Although the US Fed is expected to announce another round of tapering and move closer to conclude its QE programme, markets will scrutinise the post-meeting statement to see whether the central bank makes any changes to its forward guidance.
Pound Sterling – UK Markets
Domestic labour market seems to be recovering at a steady pace, as evident by the just released labour market report, which indicated that the unemployment rate in the nation dropped for the sixth consecutive month to 6.2% for the three months period ended July and the number of people claiming jobless benefits continued to decline at a faster pace for August. Furthermore, the BoE policy meeting minutes indicated that two MPC members, Martin Weale and Ian McCafferty, continued to press their case for an immediate hike in interest rate, although the majority kept their stance unchanged. With the start of an improvement in wage growth as apparent by today’s data, it remains to be seen if other policy members alter their views on the timing of an interest rate hike in the upcoming policy meeting. Meanwhile, uncertainty associated with tomorrow’s Scottish independence vote has kept investors anxious, especially after an overnight poll survey once again showed the “No” campaign leading the board.

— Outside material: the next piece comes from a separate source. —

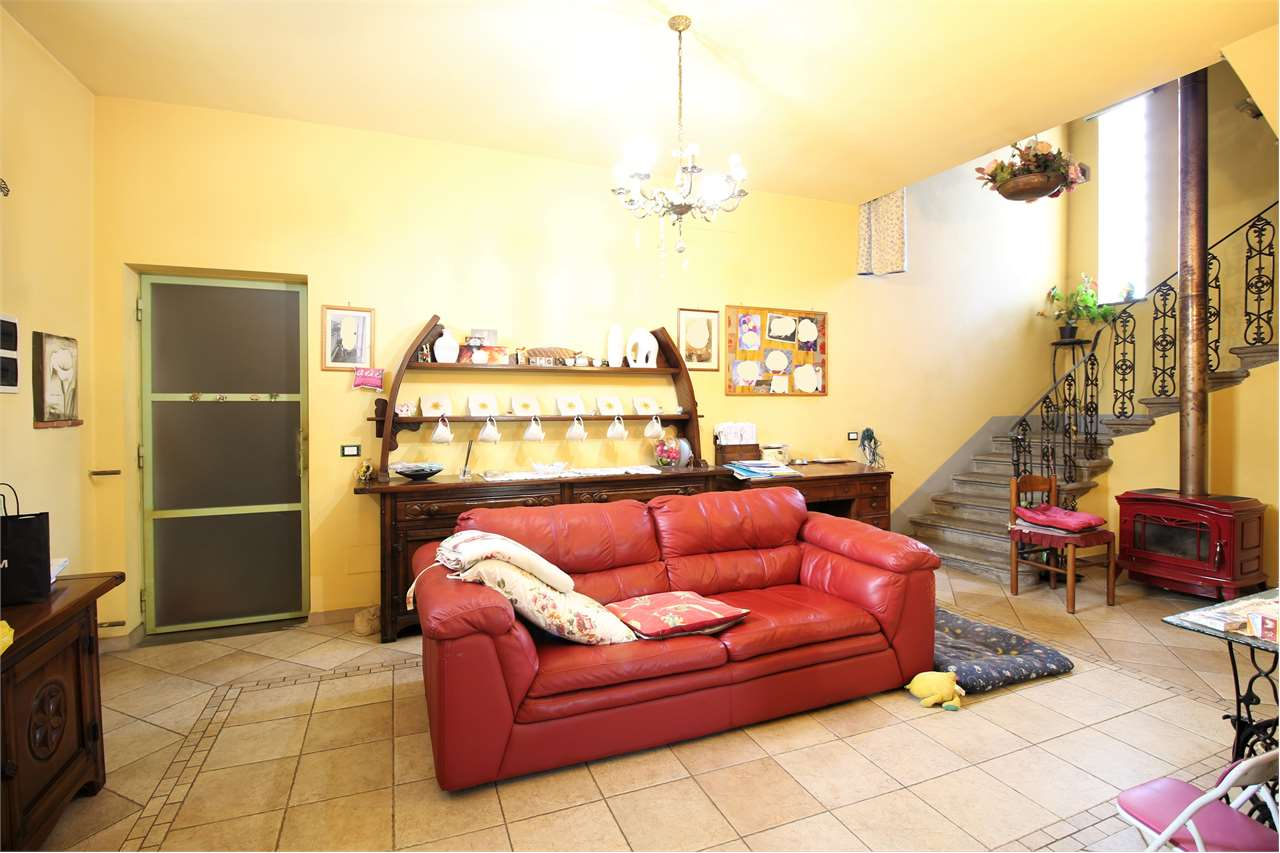 casa indipendente in vendita a Buti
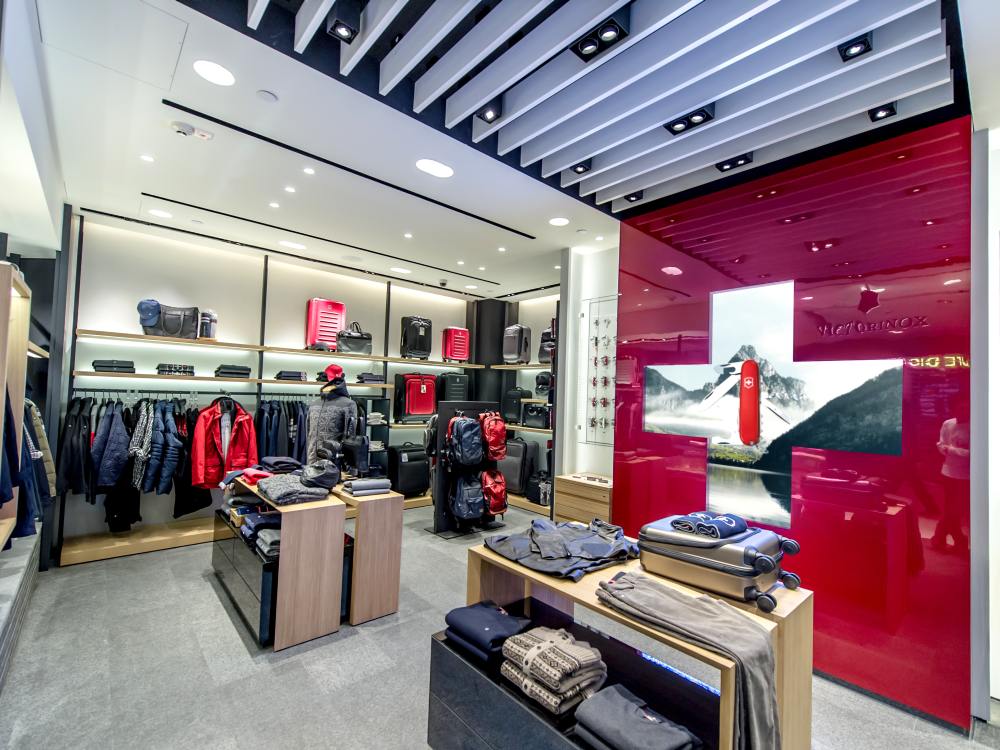 LED Signage: Red Cross Wall im Victorinox Store in Hong Kong(Foto: Netvico)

Data released yesterday indicated that UK consumer price inflation eased for August, matching the lowest reading in five years.
US Dollar – US Markets
The greenback weakened against the majors yesterday amid media reports that the Fed might keep interest rates low for a considerable period of time. The release US producer prices data had little impact on the US Dollar as inflation remained flat for August, in line with market expectations. This has shifted focus onto today’s consumer price inflation data to verify if weak gasoline and food prices have resulted in an easing trend for August.

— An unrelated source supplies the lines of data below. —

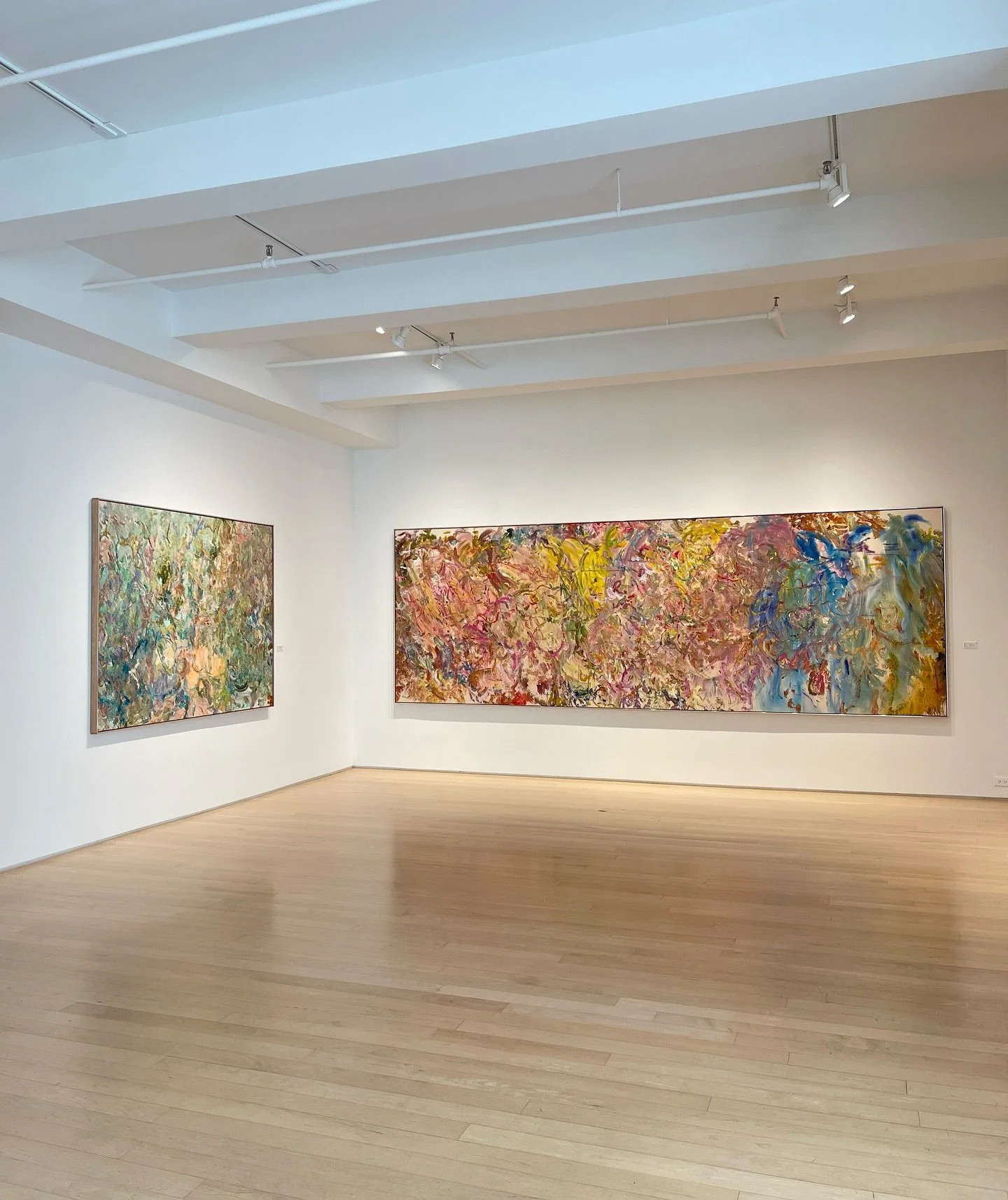 Being one of the hottest days in New York, even stepping outside felt like a poor life choice...But this show at #YaresArt had been on my mind for some time.

At 87, having found his stride in painting back in 1959, postwar abstractionist Larry Poons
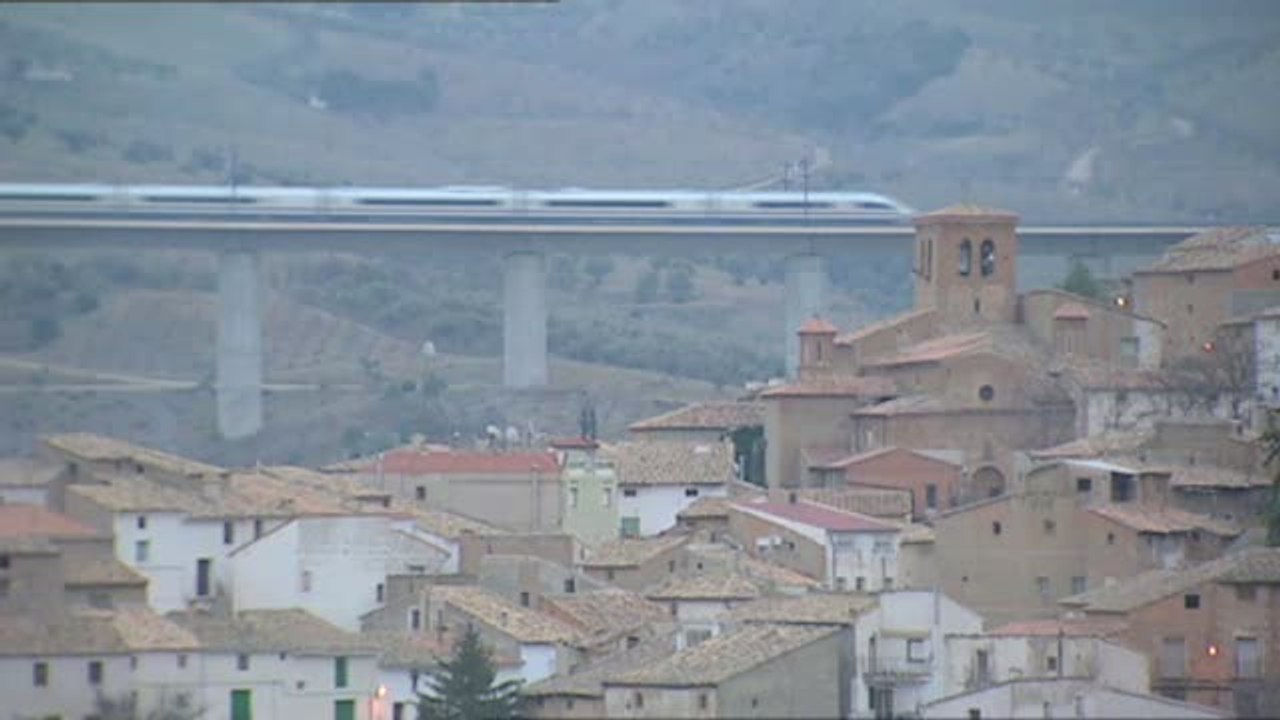 Empresarios y políticos, unidos para impulsar el Corredor Mediterráneo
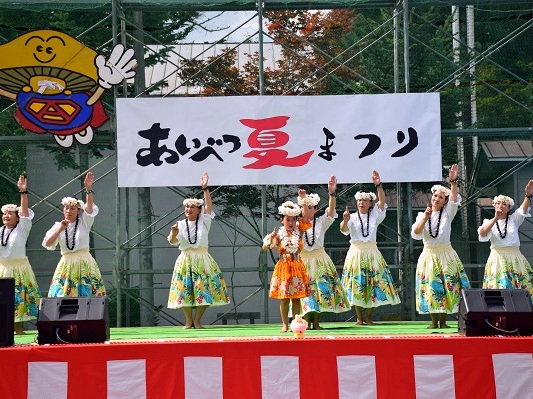 様々なステージショーも好評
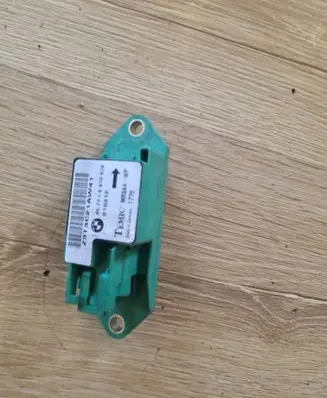 BMW 5 E39 Airbag deployment crash/impact sensor 6910678 Z3T3C21AW41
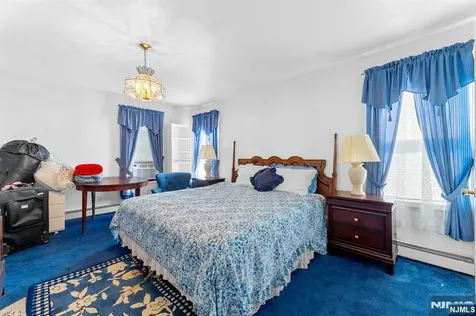 78-80 Girard Place Newark NJ 07108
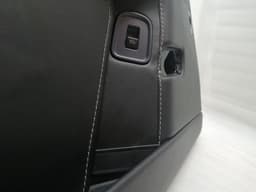 ASTON MARTIN Aston Martin Vantage V8 door card front left 6G33-23865-BBW front door panel — thumbnail 7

The US Dollar is looking for direction against the majors this morning ahead of the crucial US Fed two-day policy meeting outcome scheduled later today. The central bank is expected to announce another reduction of $10 billion to its asset purchase programme. Additionally, markets will keep a tab on the post-meeting statement to gauge any changes to the Fed’s forward guidance on interest rates. However, the possibility of an unchanged stance cannot be ruled out, considering softness in the latest employment and manufacturing production figures. Markets are most likely to be kept in a guessing mode until the next policy meeting in October when the Fed is expected to end its bond buying programme.
Euro – European Markets
The Euro lost ground against the Pound yesterday following the release of soft ZEW confidence data in the Euro zone. The report revealed that investor sentiment remained subdued in the region amid prospects of deeper macroeconomic troubles due to the recent EU sanctions imposed against Russia. Additionally, additional stimulus measures introduced by the ECB in its latest policy meeting failed to boost risk appetite, as markets remained concerned about the weak pricing climate transforming into an outright deflation in the Euro zone.

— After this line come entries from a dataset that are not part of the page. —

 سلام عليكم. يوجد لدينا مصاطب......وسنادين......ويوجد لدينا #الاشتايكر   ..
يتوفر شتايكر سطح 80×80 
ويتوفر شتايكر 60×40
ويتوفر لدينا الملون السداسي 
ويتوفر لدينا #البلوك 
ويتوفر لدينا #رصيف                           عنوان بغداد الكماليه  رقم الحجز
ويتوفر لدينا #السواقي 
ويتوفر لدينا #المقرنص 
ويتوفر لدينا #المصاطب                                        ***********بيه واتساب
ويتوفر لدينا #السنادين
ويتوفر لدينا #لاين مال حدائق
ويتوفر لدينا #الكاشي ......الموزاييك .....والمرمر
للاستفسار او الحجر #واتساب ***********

Meanwhile, the Euro is trading in a tight range against the majors this morning. The final Euro zone consumer inflation report for August scheduled later today is unlikely to generate much market attention as it is not likely to lessen pressure on the ECB from initiating its bond buying programme next month. Additionally, Ukraine ratified its political and trade association with the EU after agreeing to Russia’s demand to grant special status to some Eastern regions which might pave way for peace in Eastern Europe and provide some support to the Euro.
Other Currencies – Highlights
The Canadian Dollar gained ground against the greenback in yesterday’s trading session following the release of upbeat Canadian manufacturing shipment numbers for July. Data showed that industrial shipments rose at its strongest pace since February 2013 due to higher demand for motor vehicles and primary metals. Additionally, the Bank of Canada Governor, Stephen Poloz, indicated that as growth in exports and business investment replace the current household spending led growth, the economy will return to its natural growth track. Furthermore, he indicated that exports from the nation are anticipated to improve as business investments in the US are increasing at a robust pace.
With little on the domestic macroeconomic front, the Canadian Dollar will take direction from the US consumer inflation report scheduled later today. Additionally, with the US Fed policy meeting later today, traders will keep a tab on the post-meeting statement for further direction to the US Dollar-Canadian Dollar pair.